Methods: Using a language-aligned foundation model for X-ray image segmentation, our system continually updates a patient digital twin based on sparse reconstructions of desired anatomical structures. This allows for multiple autonomous capabilities, including visualization, patient-specific viewfinding, and automatic collimation from novel viewpoints, enabling complex language control commands like "Focus in on the lower lumbar vertebrae."

Results: In a cadaver study, multiple users were able to visualize, localize, and collimate around structures across the torso region using only verbal commands to control a robotic X-ray system, with 84% end-to-end success. In post hoc analysis of randomly oriented images, our patient digital twin was able to localize 35 commonly requested structures from a given image to within $51.68 \pm 30.84$ mm, which enables localization and isolation of the object from arbitrary orientations.

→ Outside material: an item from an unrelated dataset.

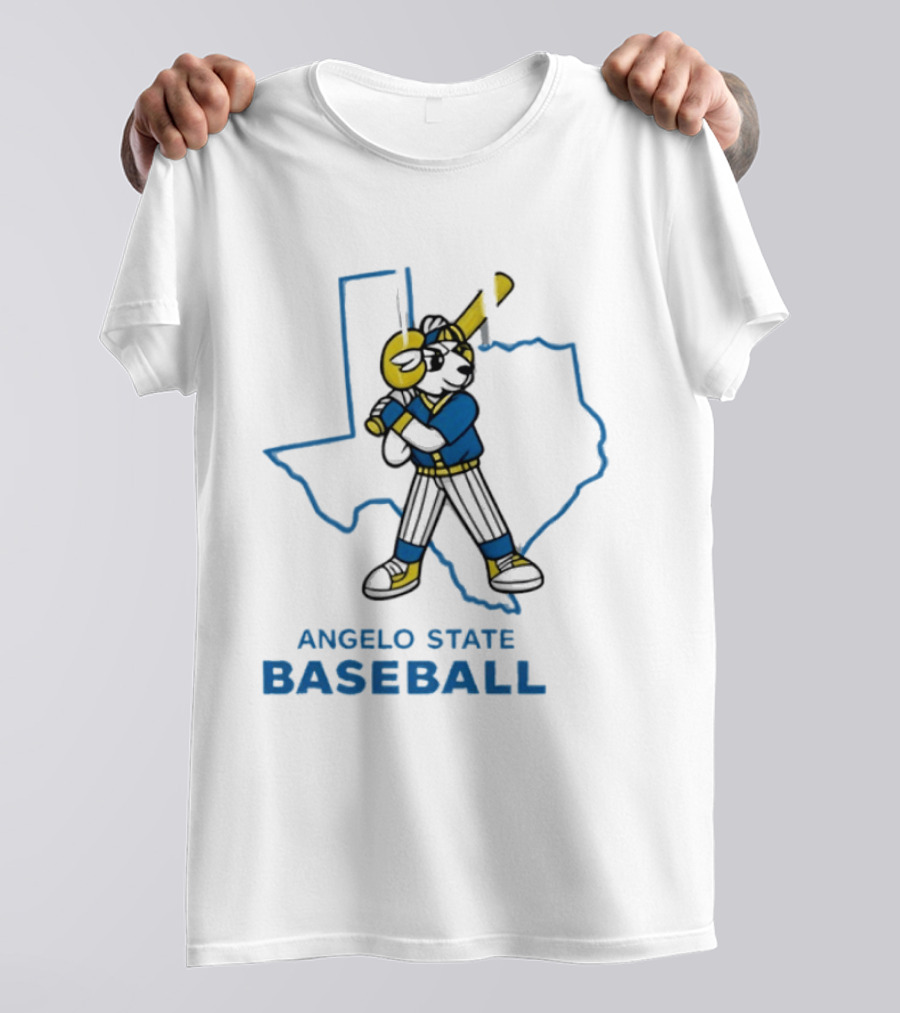 Texas Outline Angelo State Baseball Batter T-Shirt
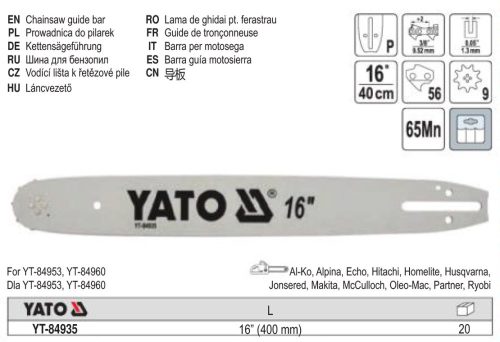 YATO YT-84935 Láncfűrész láncvezető 16 Col 3/8 Col 1,3 mm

Conclusion: Overall, we show how intelligent robotic X-ray systems can incorporate physicians' expressed intent directly. Existing foundation models for intra-operative X-ray image analysis exhibit certain failure modes. Nevertheless, our results suggest that as these models become more capable, they can facilitate highly flexible, intelligent robotic C-arms.

查看原文本刊更多论文

使用语言提示数字双胞胎智能控制机器人x射线设备。

目的：自然语言为控制机器人c臂x射线系统提供了方便、灵活的界面，使先进的功能和控制易于访问。请确认作者姓名是否准确且顺序正确（名，中间名/首字母，姓）。作者1名：[Benjamin D.]姓[Killeen]。另外，请确认元数据中的详细信息是否正确。然而，启用语言接口需要专门的人工智能（AI）模型来解释x射线图像，以便为基于语言的推理创建语义表示。这种人工智能模型的固定输出从根本上限制了用户可以访问的语言控制功能。结合灵活和语言一致的人工智能模型，可以通过语言控制提示，为更广泛的任务和程序提供更灵活的界面。方法：使用x射线图像分割的语言对齐基础模型，我们的系统基于所需解剖结构的稀疏重建不断更新患者数字双胞胎。这允许多种自主功能，包括可视化，特定于患者的视图查找，以及从新视点自动校准，支持复杂的语言控制命令，如“关注下腰椎”。结果：在一项尸体研究中，多个用户仅使用口头命令就可以控制机器人x射线系统，实现躯干区域结构的可视化、定位和准直，端到端成功率为84%。在随机定向图像的事后分析中，我们的患者数字双胞胎能够从给定图像中定位35个常用结构，范围在51.68±30.84 mm，这使得物体从任意方向定位和隔离成为可能。结论：总的来说，我们展示了智能机器人x射线系统如何直接结合医生表达的意图。现有的术中x线图像分析基础模型存在一定的失效模式。然而，我们的研究结果表明，随着这些模型变得更有能力，它们可以促进高度灵活、智能的机器人c型臂。

本文章由计算机程序翻译，如有差异，请以英文原文为准。

求助全文

约1分钟内获得全文求助全文

来源期刊

International Journal of Computer Assisted Radiology and Surgery ENGINEERING, BIOMEDICAL-RADIOLOGY, NUCLEAR MEDICINE & MEDICAL IMAGING

CiteScore

5.90

自引率

6.70%

发文量

243

审稿时长

6-12 weeks

期刊介绍： The International Journal for Computer Assisted Radiology and Surgery (IJCARS) is a peer-reviewed journal that provides a platform for closing the gap between medical and technical disciplines, and encourages interdisciplinary research and development activities in an international environment.